What to work on: Everything in the listing below should be repeated verbatim, apart from the pictures.

Data extract:
================================

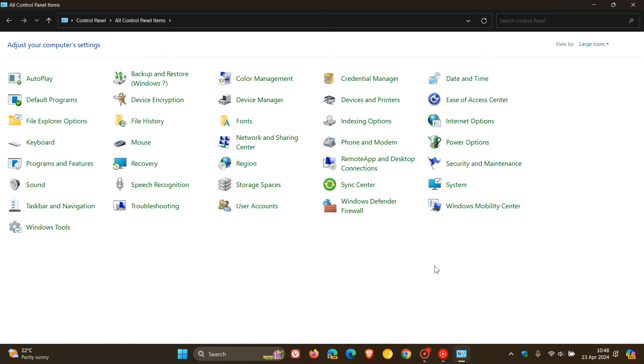In regards to this, last month in March, I posted that Windows 11 24H2 will move more control panel features into settings, and I'll leave that video in the end screen.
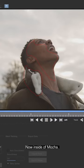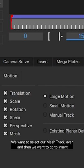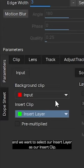Now inside of Mocha we want to select our mesh track layer and then we want to go to Insert. And we want to select our insert layer as our insert clip and there we go, we have our texture being brought into Mocha.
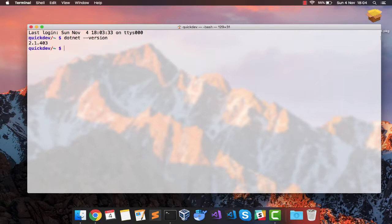So we have successfully installed .NET on our Mac OS. Congratulations. We are just getting started and in the very next section, we will be creating our first project. I will see you there.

================================

Exercise result:
In regards to this, last month in March, I posted that Windows 11 24H2 will move more control panel features into settings, and I'll leave that video in the end screen.
Now inside of Mocha we want to select our mesh track layer and then we want to go to Insert. And we want to select our insert layer as our insert clip and there we go, we have our texture being brought into Mocha.
So we have successfully installed .NET on our Mac OS. Congratulations. We are just getting started and in the very next section, we will be creating our first project. I will see you there.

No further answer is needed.